◆ **Exercise prompt**: For the data that follows, print the line with "His Excellency Dr.", the line with "Masum kız öğrenci", and all lines between them, exactly as they stand. Omit pictures and add nothing.

[Short web captions]
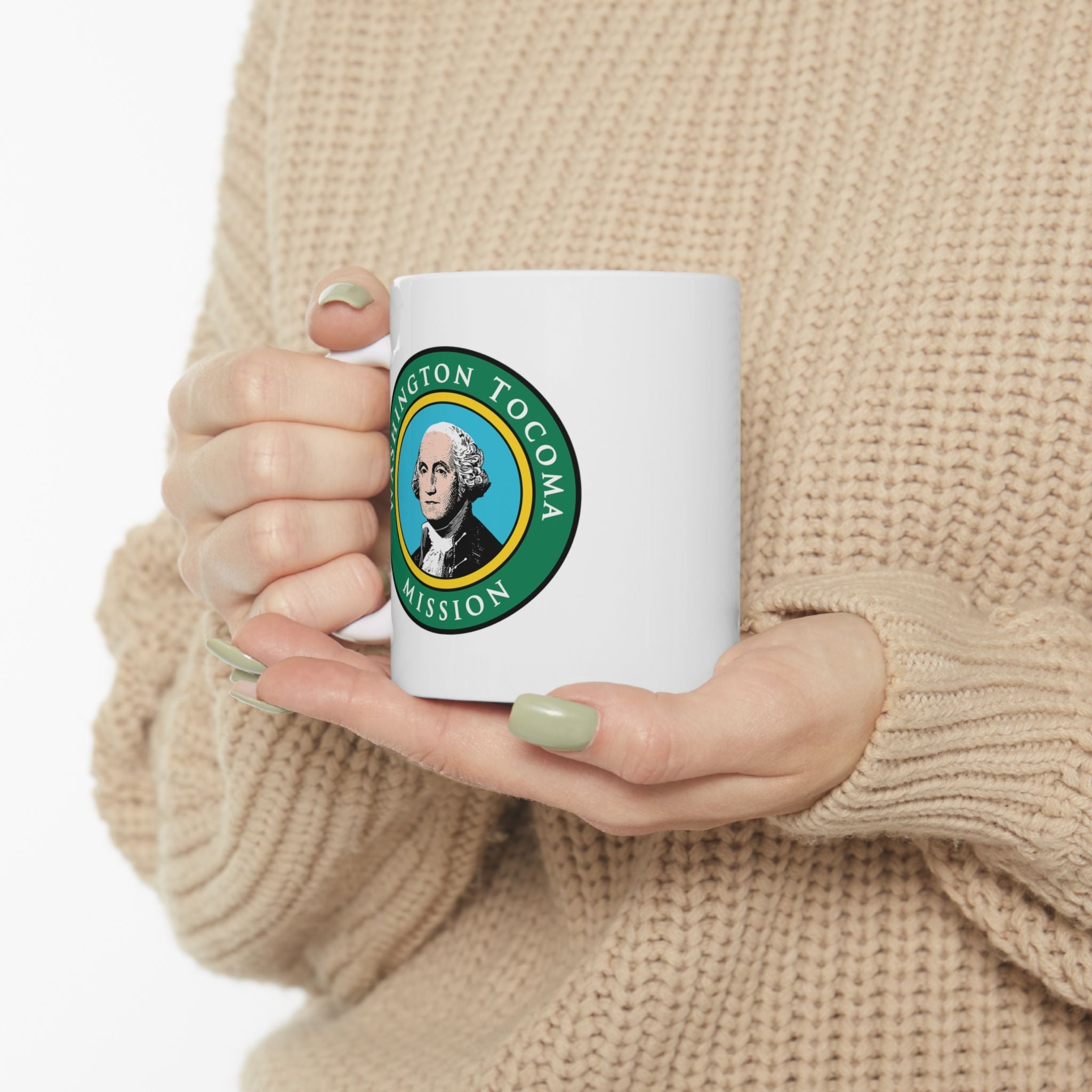 Washington Tacoma Mission State Flag Logo Ceramic Mug White - Latter-Day Saint LDS Missionary Gift - Book of Mormon
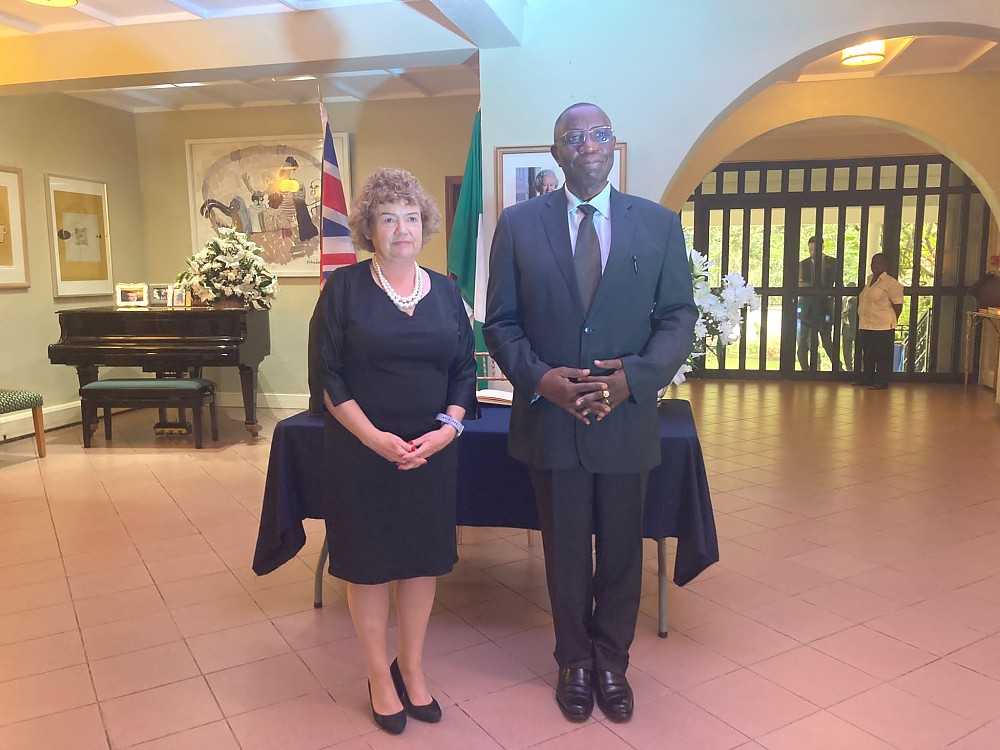 His Excellency Dr. Benson Alfred Bana, and Her Excellency, Catriona Laing CB, British High Commissioner.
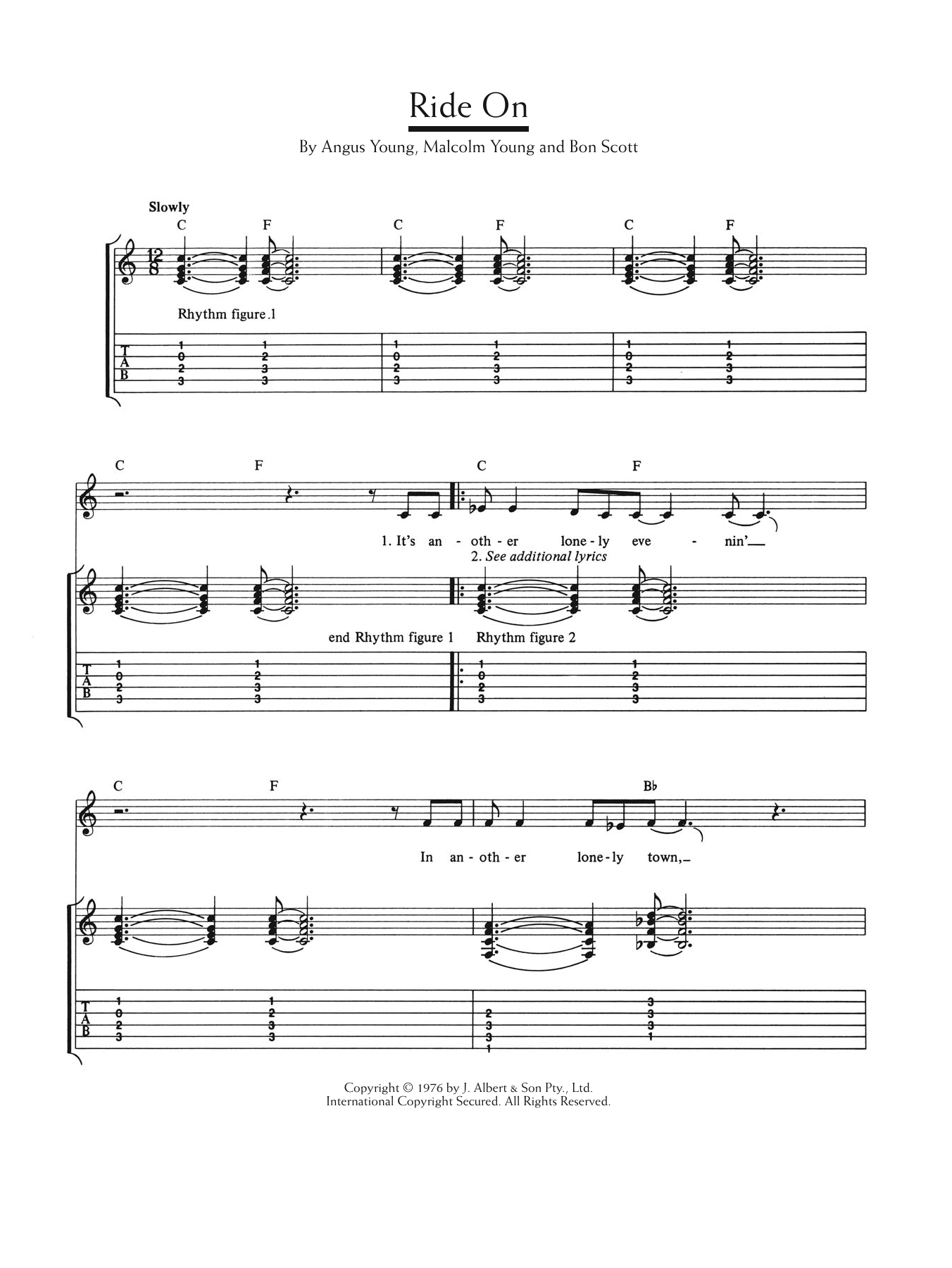 Download AC/DC Ride On Sheet Music and learn how to play Lyrics & Chords PDF digital score in minutes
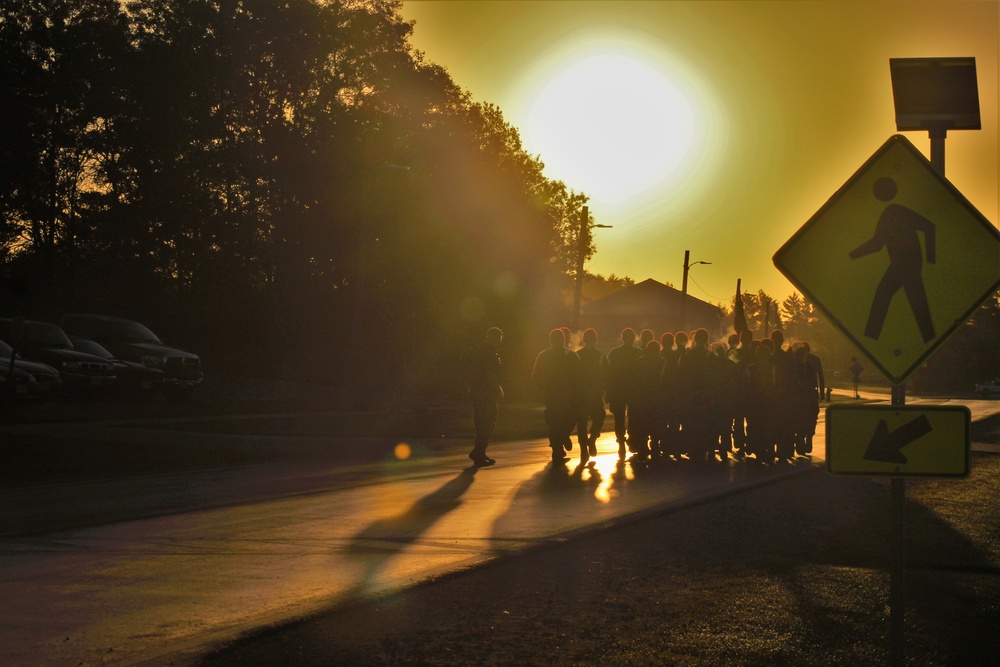 Wisconsin Challenge Academy cadets hold morning march at Fort McCoy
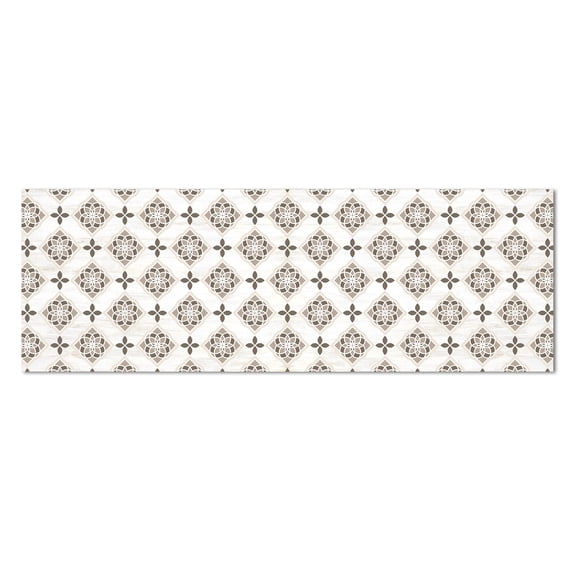 Highland Home Neutral Tile Design Deco-Floor Mat 6' x 2'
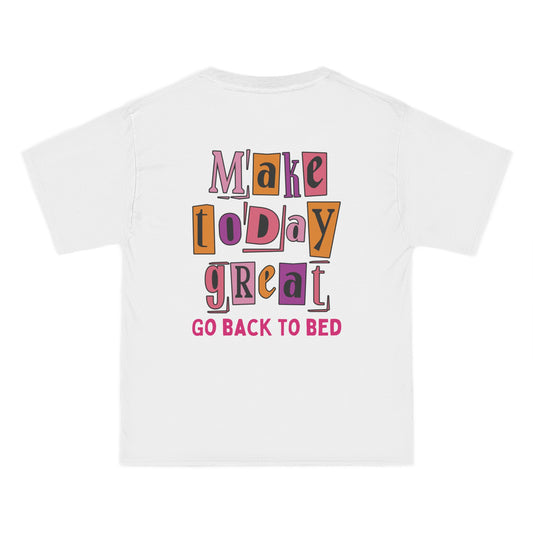 Make Today Great Go Back to Bed  Short-Sleeve Over-Sized T-Shirt - Fun and Relaxed Tee for Lazy Days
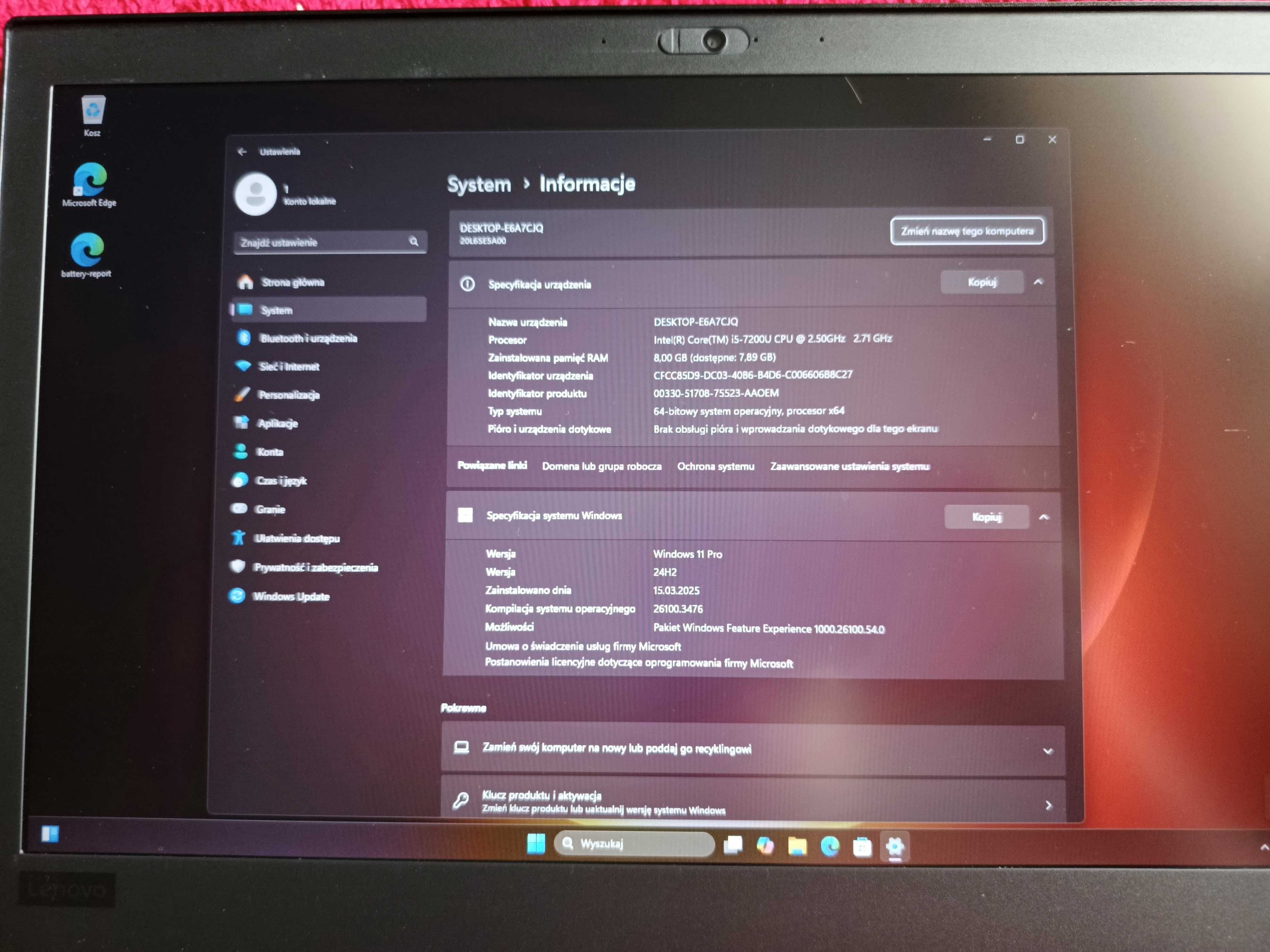 Sprzedam Lenovo T480 I5-7200U 2.5Ghz Windows 11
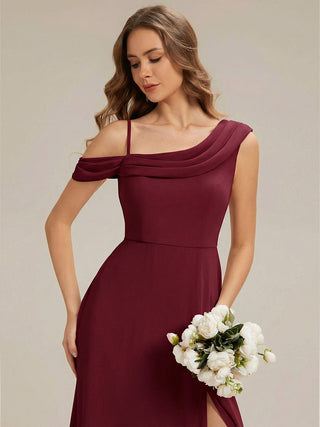 Short Sleeve Asymmetrical A-Line Floor Length Rhinestone Bridesmaid Dresses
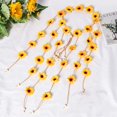 thumbnail image 4 of Diadema Hippie de flores, corona Floral, accesorios para el cabello de girasol de verano para disfraces bohemios de los años 70 (blanco + amarillo), 2 uds., 4 of 5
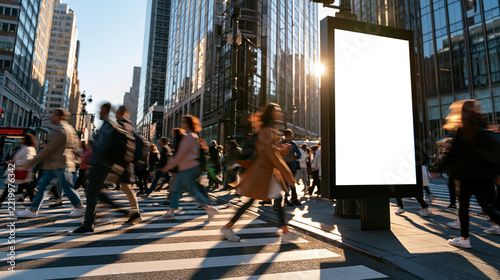 Blurred pedestrians cross busy city street near blank
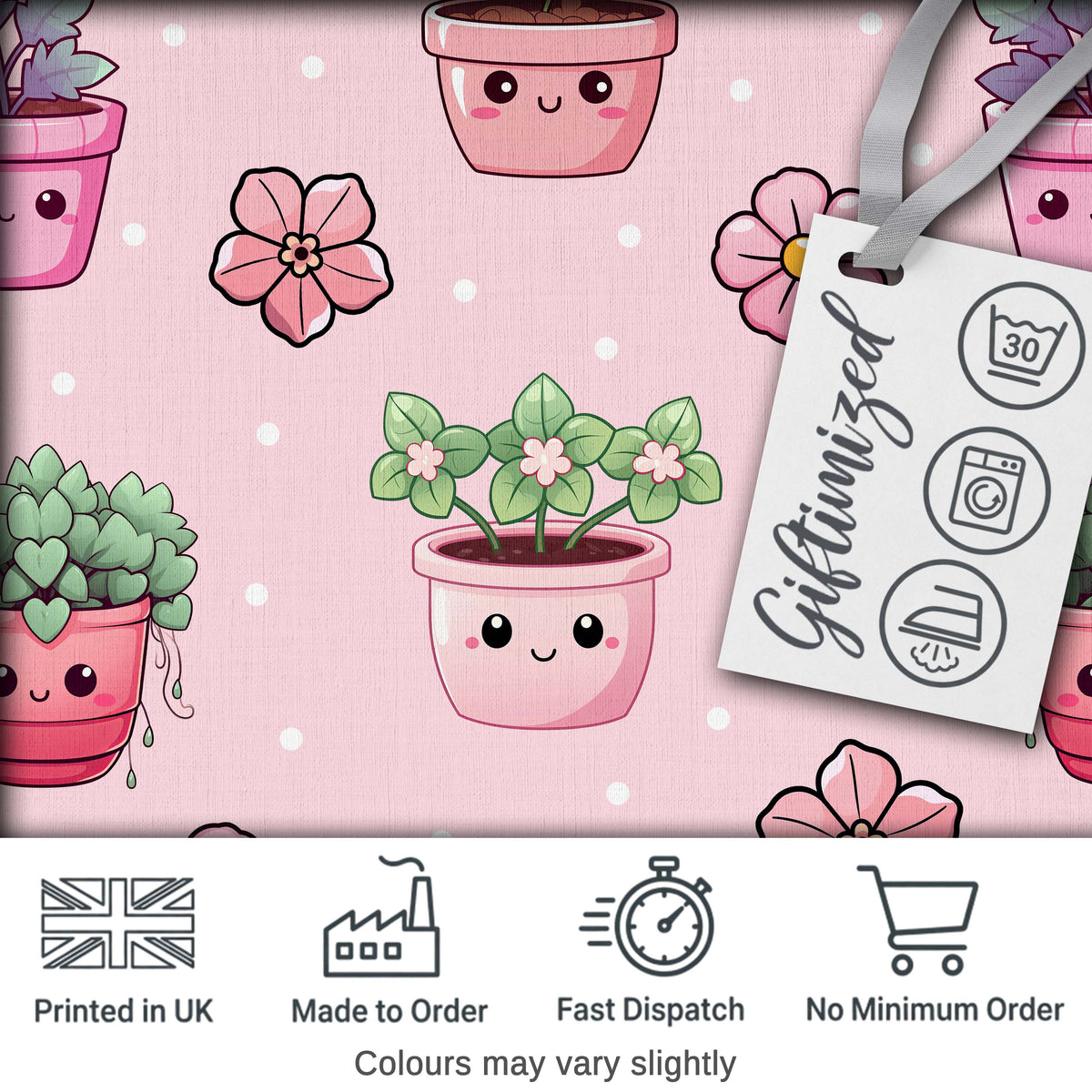 Cute Kawaii Flower Pots Blossom Pink Background Seamless Pattern Digital Print Fabric by the Metre UK Sewing Quilting Textile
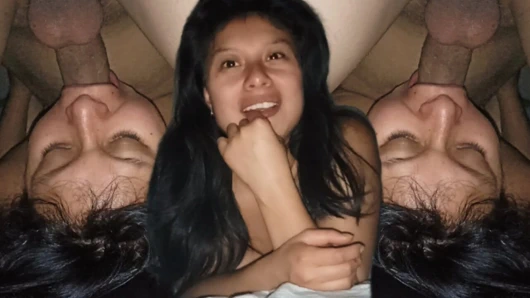 Masum kız öğrenci ağzını yabancıya veriyor derin gırtlak yapıyor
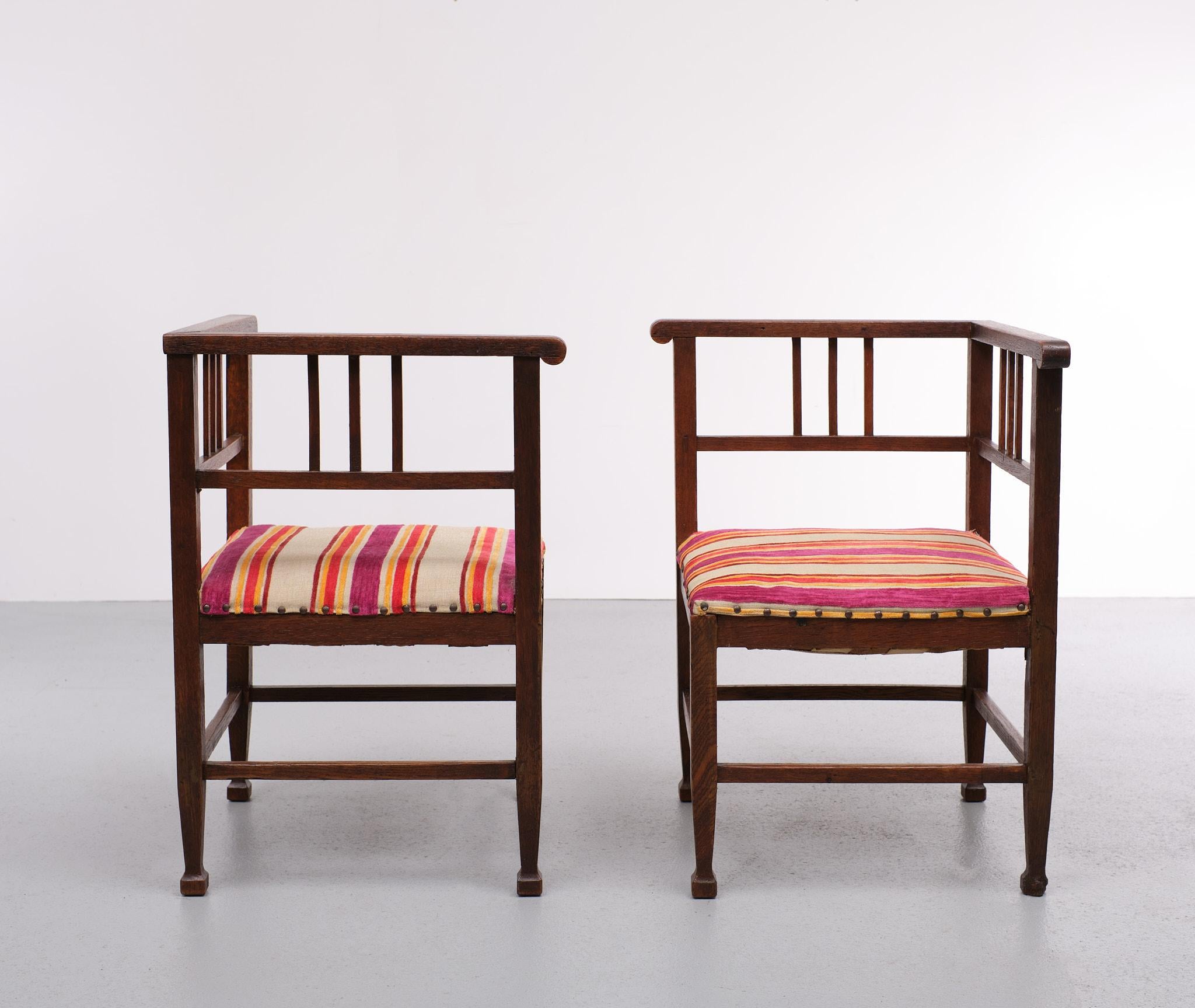 Early 20th Century Amsterdam School Corner Chairs, 1920s, Holland For Sale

◆ **Final answer**:
 His Excellency Dr. Benson Alfred Bana, and Her Excellency, Catriona Laing CB, British High Commissioner.
 Download AC/DC Ride On Sheet Music and learn how to play Lyrics & Chords PDF digital score in minutes
 Wisconsin Challenge Academy cadets hold morning march at Fort McCoy
 Highland Home Neutral Tile Design Deco-Floor Mat 6' x 2'
 Make Today Great Go Back to Bed  Short-Sleeve Over-Sized T-Shirt - Fun and Relaxed Tee for Lazy Days
 Sprzedam Lenovo T480 I5-7200U 2.5Ghz Windows 11
 Short Sleeve Asymmetrical A-Line Floor Length Rhinestone Bridesmaid Dresses
 thumbnail image 4 of Diadema Hippie de flores, corona Floral, accesorios para el cabello de girasol de verano para disfraces bohemios de los años 70 (blanco + amarillo), 2 uds., 4 of 5
 Blurred pedestrians cross busy city street near blank
 Cute Kawaii Flower Pots Blossom Pink Background Seamless Pattern Digital Print Fabric by the Metre UK Sewing Quilting Textile
 Masum kız öğrenci ağzını yabancıya veriyor derin gırtlak yapıyor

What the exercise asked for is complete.